Il paese che amo

Domani esce in tutte le librerie il nuovo romanzo di Simone Sarasso, Il paese che amo (Marsilio). Milanonera lo ha intervistato.

Con il Paese che amo si conclude la trilogia sporca dell’Italia. Come e quando è maturata l’idea di scrivere questa saga?

L’idea comincia ad avere qualche anno sulle spalle: quasi dieci. Dieci anni fa leggevo Ellroy, De Cataldo, Evangelisti, Genna, i Wu Ming e continuava a ronzarmi in testa l’idea balzana che ci fosse spazio per un’indagine approfondita dei Misteri Italiani. Così mi imbarcai nell’impresa, mosso da una spinta duplice: la mia coscienza civile da un lato, che voleva che quelle storie, le storie atroci di un Paese sanguinante fin dagli albori della Repubblica, fossero raccontate ancora e ancora. E la mia ossessione di storico dall’altro, che mi spinse a calarmi tra le pile di documenti, a cercare le piste da seguire. Io non avevo idea che ci sarebbero voluti tre romanzi per arrivare in fondo a questa storia. Ma ho scoperto che, nel Belpaese, le ombre sono davvero di più delle luci.

Cosa dobbiamo aspettarci da questa ultima parte della storia?
Come sempre azione e colpi di scena, a farcire il lato oscuro della storia patria. Ma il vero pezzo forte di questo terzo volume, credo che siano i personaggi: un giudice, una spia, un mafioso, il segretario del Partito Socialista e una pornostar che diventerà parlamentare.

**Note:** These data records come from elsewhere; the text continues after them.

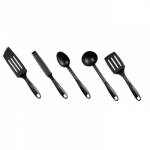 TEFAL Kitchen Tool Set, Material High Quality Nylon, Black
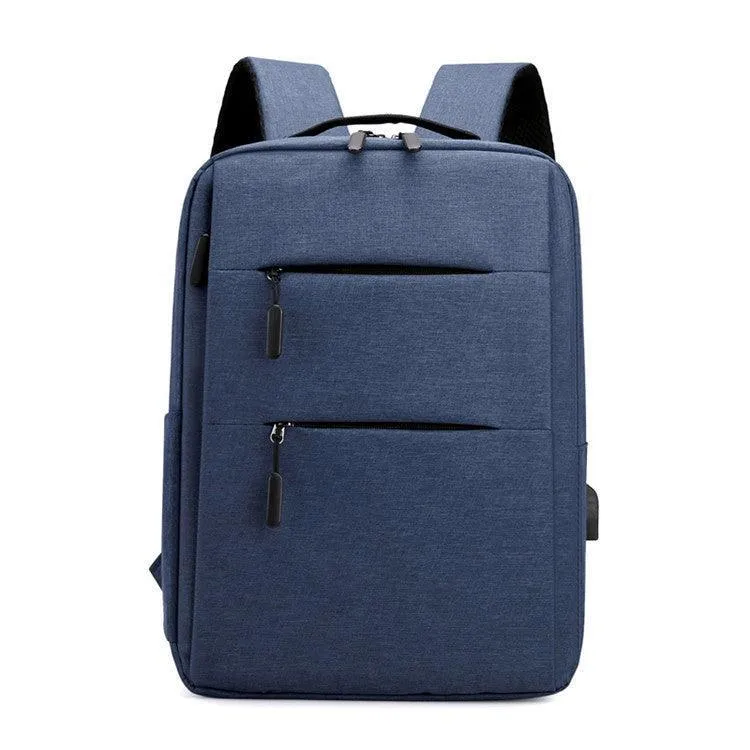 High Capacity Laptop Backpack With USB Design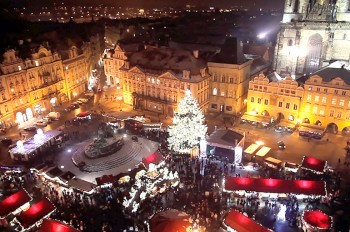 Самое красивое видео рождественской Праги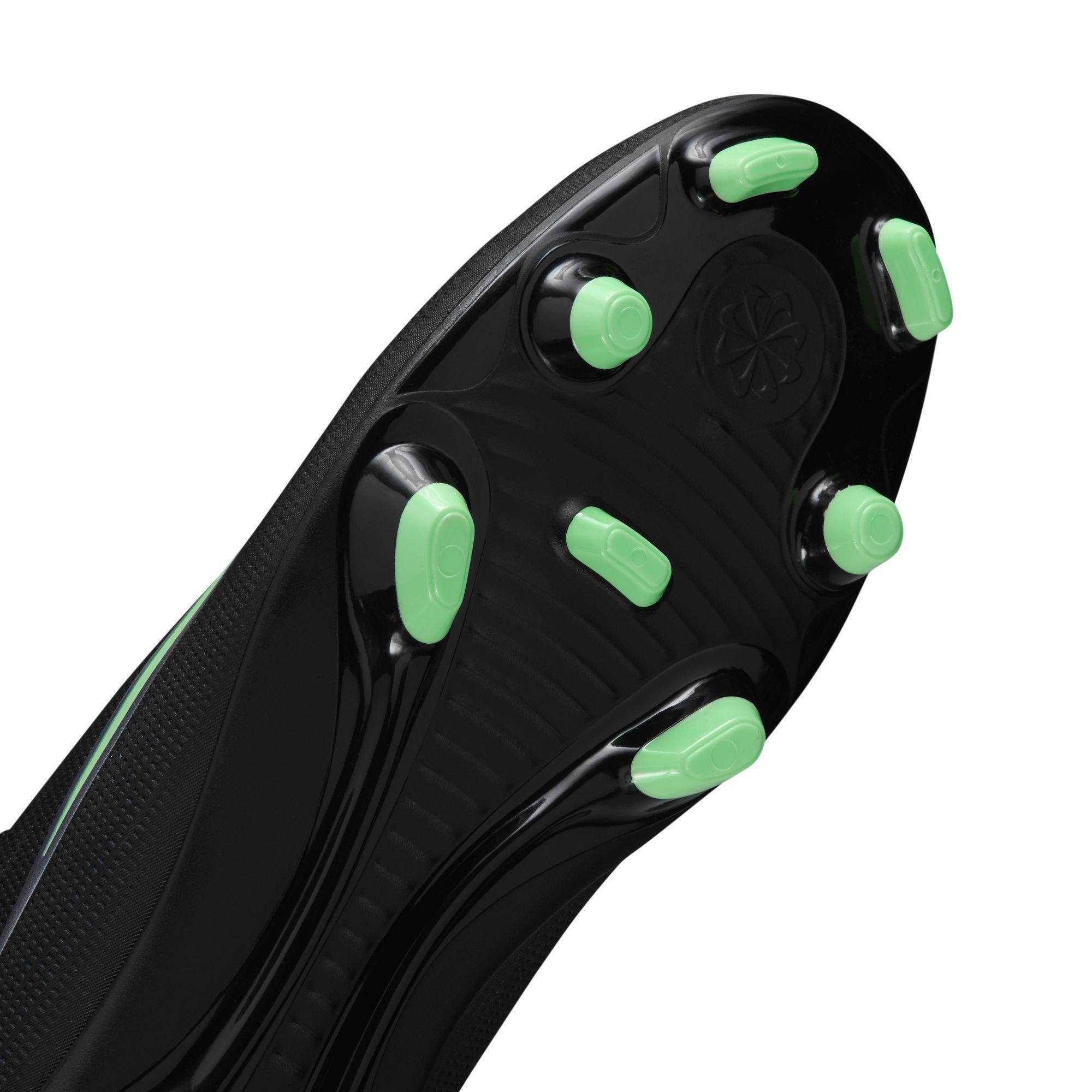 Schwarz/Grün - Nike - Men's Superfly 11 Club Firm Ground Football Boots - 7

Puoi trarre un bilancio da questa esperienza?
E’ stata una lunga cavalcata, e molte storie spiacevoli sono venute a galla. Ho frugato nelle viscere della nazione e non posso dire di esserne uscito pulito. Le storie lasciano un segno, quando si passa così tanto tempo gomito a gomito con le proprie ossessioni – specie quando si tatta di ossessioni “nazionali” – è inevitabile sentire la pressione sul petto a ogni pagina. Ma se mi chiedi se ne è valsa la pena perdere il sonno sui documenti, la risposta è sì. E so che rifarei tutto da capo.

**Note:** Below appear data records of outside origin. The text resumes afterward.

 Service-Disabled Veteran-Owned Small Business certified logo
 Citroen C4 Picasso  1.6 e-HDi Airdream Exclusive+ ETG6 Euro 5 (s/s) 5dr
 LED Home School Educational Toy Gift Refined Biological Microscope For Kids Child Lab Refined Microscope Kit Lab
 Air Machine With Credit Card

L’Italia ne esce a pezzi da questa tua ricostruzione. Fiction o realtà?
L’Italia cade a pezzi dagli albori della prima Repubblica. Io non ho fatto altro che narrare la decadenza passo passo, iniettando finzione laddove la storiografia (o la giurisprudenza) non potevano fornire alcuna verità.
Il mio racconto si conclude nel 1994. Ma a quanto pare c’è ancora parecchio da raccontare.